QUOTE(John Bigboote @ Apr 5 2009, 11:09 AM)

Sweet... what would happen if you put a 'rudder' in the middle of the force, like a ship...would that provide steerage?
Yes actually it would! Newton is amazing. The force pushing the car controls the motion of the center of the newton chain, the body of the car. The way a force effects newton is by pushing the center of mass of the dynamic object towards the center of the force. Since forward motion is controlled by the first object in the chain or the parent of the chain I could steer it by adding a different parent above the body that could be rotated or shifted to change it's center causing the force to push it in a different direction. I did some experimenting with rotating the force at various keys. Trouble is the front wheels are "locked" in a forward position. There is no steering. Just like real physics a car won't "turn" if the wheels stay straight. It sort of slides and drags slowing it down. In wire frame mode I can see that the wheels pretty much rotate in one direction... not totally. There is 1 degree of twist. If you set the twist of a newton chain object to 0 it's equal to 100%. I wish there was a way to set that value to 0. One degree isn't much but it still has an effect and if each joint in the chain has 1 degree it adds up.

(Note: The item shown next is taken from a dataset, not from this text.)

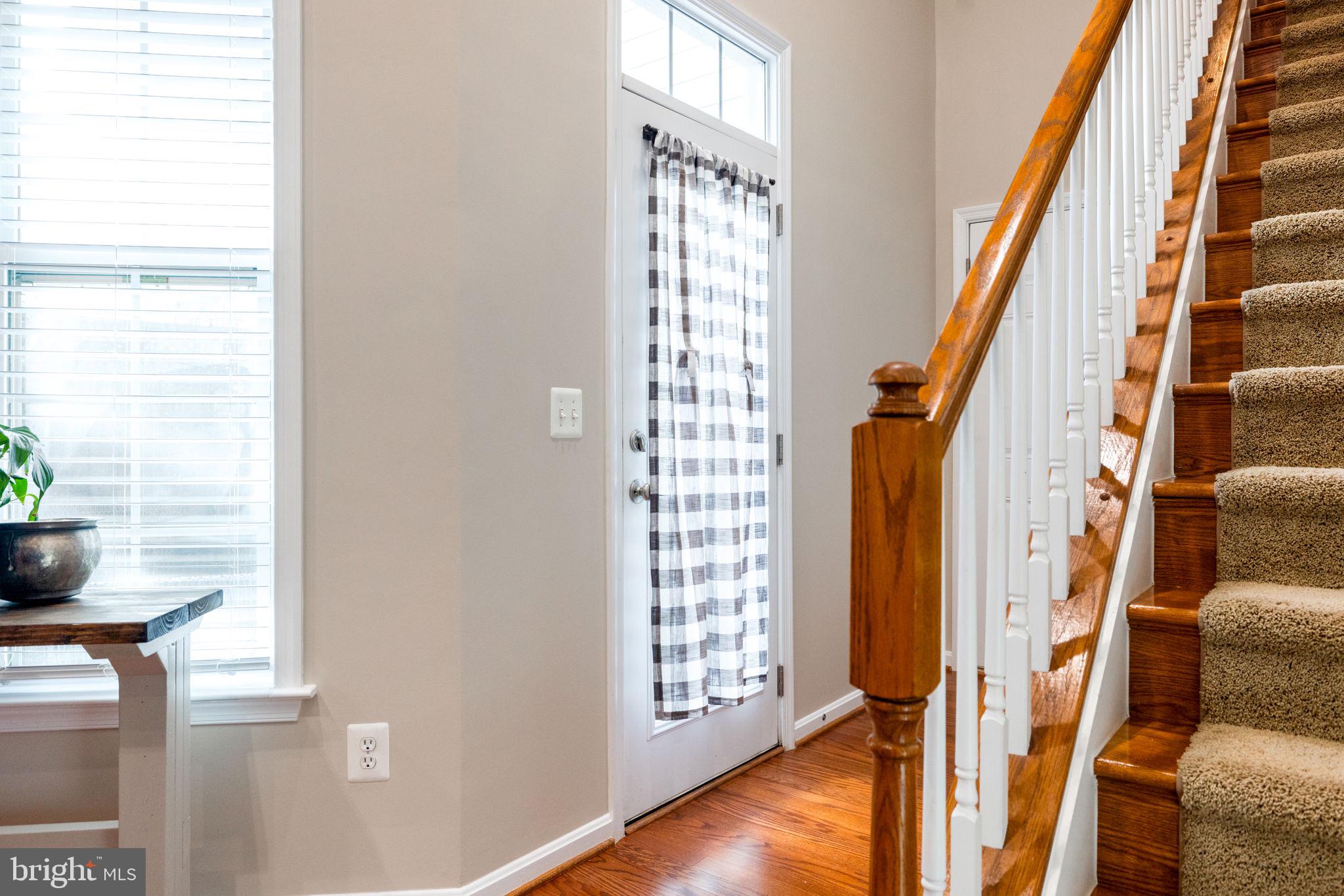 LANSDOWNE TOWN CENTER - Residential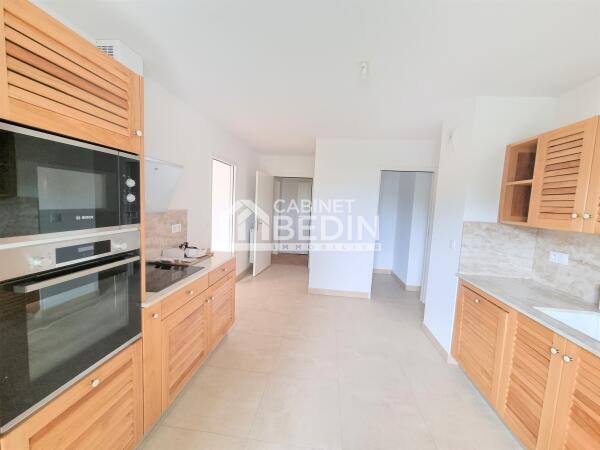 APPARTMENT GARAGE BALCON 5 CHAMBRES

I originally had the car up higher with a "springy suspension". But the combined 1 degree rotations caused it to settle too far. Then I added cross bars on the axels to keep them from moving too much... then it got too complex so I went with a simple single axle across through toruses under the car. I need to make that connection swivel so it can turn. I probably don't need those "hooks" for the axles anyway since it it chained under the car. It keeps it from meandering off in all directions though.